Sharing 3LC Tables and Runs#
Sharing Tables and Runs between different users or environments in 3LC is designed to be both efficient and flexible. This section outlines how to share objects (with minimal or no data duplication), manage data through Aliases, and ensure that your data is accessible in different contexts.
Efficiency: No unnecessary data copying occurs during the sharing process. This is particularly advantageous in machine learning workflows where training commonly happens on temporary VM instances that require fast, local data access.
Flexibility: Aliases provide a powerful mechanism to abstract away the physical location of your data. This makes it easier to manage and consume the data, whether it resides in a single location or multiple copies are available.
Real-world workflow#
Imagine a typical machine learning scenario: You’re training a model on a temporary VM. When the VM starts, training data is downloaded from a shared data location, such as an S3 bucket. After the VM is terminated, the results of the Run can be easily shared with other users, even though the data used for training no longer exists. Those users can access the necessary data from the source shared location simply by setting the appropriate Aliases.
Aliases#
An Alias is simply a text string that represents a part of a path to an object.
Let’s say User A has run ML training using local data at /data/project/*.jpg, which was initially copied from a shared object store at s3://company-wide-bucket/project/*.jpg.
Prior to training, user A sets the alias PROJECT_DATA to /data/project. Any Table (whether consisting of Examples or Metrics) referencing the data will substitute /data/project with <PROJECT_DATA> before being written to disk.
Specifically, whenever /data/project/1.jpg is written to a Table, it will automatically be replaced with <PROJECT_DATA>/1.jpg.

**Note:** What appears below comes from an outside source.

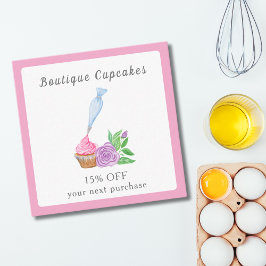 Watercolor Frosting Cupcake Bakkerij, Catering Kortingskaartje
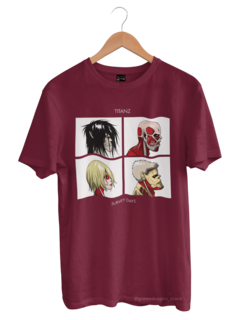 Camiseta Attack on Titan Green Dragon - comprar online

Thus, if user B sets the alias PROJECT_DATA to s3://company-wide-bucket/project, they will be able to inspect the output of user A’s training run without having to copy the data to their local machine. Internally, when the Dashboard requests the file <PROJECT_DATA>/1.jpg, the object service will translate this to the full S3 URL s3://company-wide-bucket/project/1.jpg and return the file contents.
Setting Aliases#
Aliases can be set in the main configuration file or in data configuration files (see the Configuration module documentation for details):
aliases:
PROJECT_DATA: /data/project
Aliases can also be set through environment variables. Environment variables with the prefix
TLC_ALIAS_
will be picked up during initialization of the tlc
module. To define an alias equivalent to the example
above, you might for instance run:
export TLC_ALIAS_PROJECT_DATA="/data/project"

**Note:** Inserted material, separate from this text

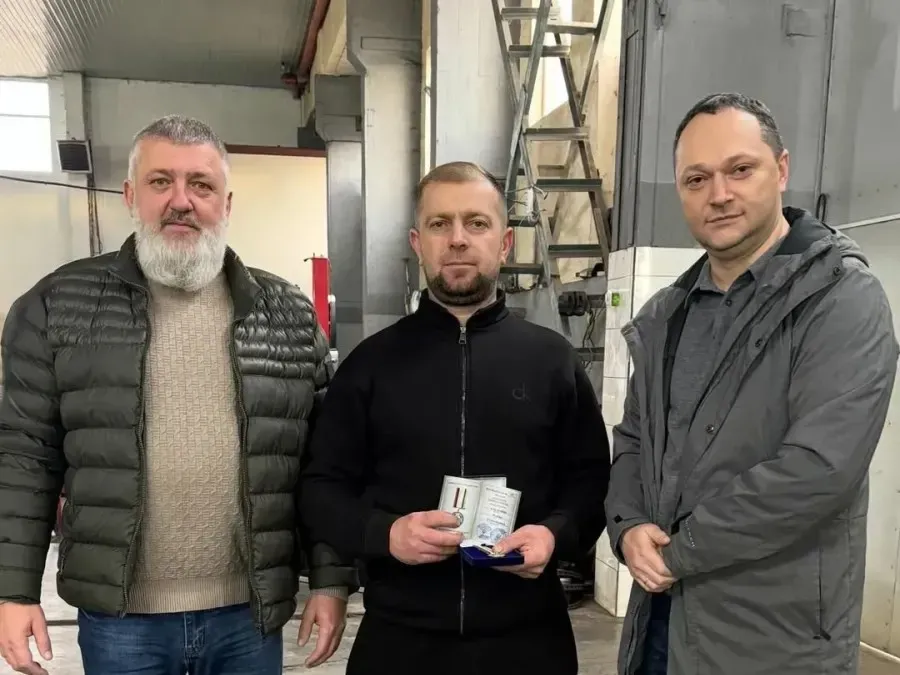 Романа Саганюка відзначили медаллю "Доблесть Прикарпаття"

To list the currently active Aliases, run
import tlc
for alias, value in tlc.get_registered_url_aliases().items():
print(f"{alias}: {value}")
Alias Best Practices#
Since Aliases offer a powerful way of abstracting data locations, some care should be taken to avoid confusion between different users.
Here are some best practices:
Be careful when using Aliases that are very general, such as e.g. DATA or DATA_ROOT. These generic names should be reserved for company-wide shared locations and should typically not be overridden by individual users.
Consequence: Using general aliases can lead to data overlap or collisions, making it difficult to manage data.
Instead, use project-scoped or customer-scoped aliases when relevant, e.g. CUSTOMER_XYZ_DATA.
More targeted names are less likely to be ambiguous.
Keep in mind that aliases should be set for the object service as well as any notebooks or scripts that are used to access the data. This is trivial if they share the same configuration file or environment, but if they don’t it is recommended to use the same alias names in both locations.
3lc share
command-line tool#
The simple aliasing procedure described above does not work for all sharing workflows. For example if a user wants to share a local run with a colleague, this might not be as simple as sending the JSON file as an email attachment, since a) the JSON file might hold references to other local files, b) the JSON file might reference local data using absolute paths that do not exist on the colleague’s machine, and c) the JSON file might reference local data using aliases that are not set on the colleague’s machine.
The next release of 3LC will include a command-line utility for bundling Tables, Runs and their referred-to resources into convenient chunks, as well as automatically setting required aliases and relativizing/absolutizing URLs as necessary.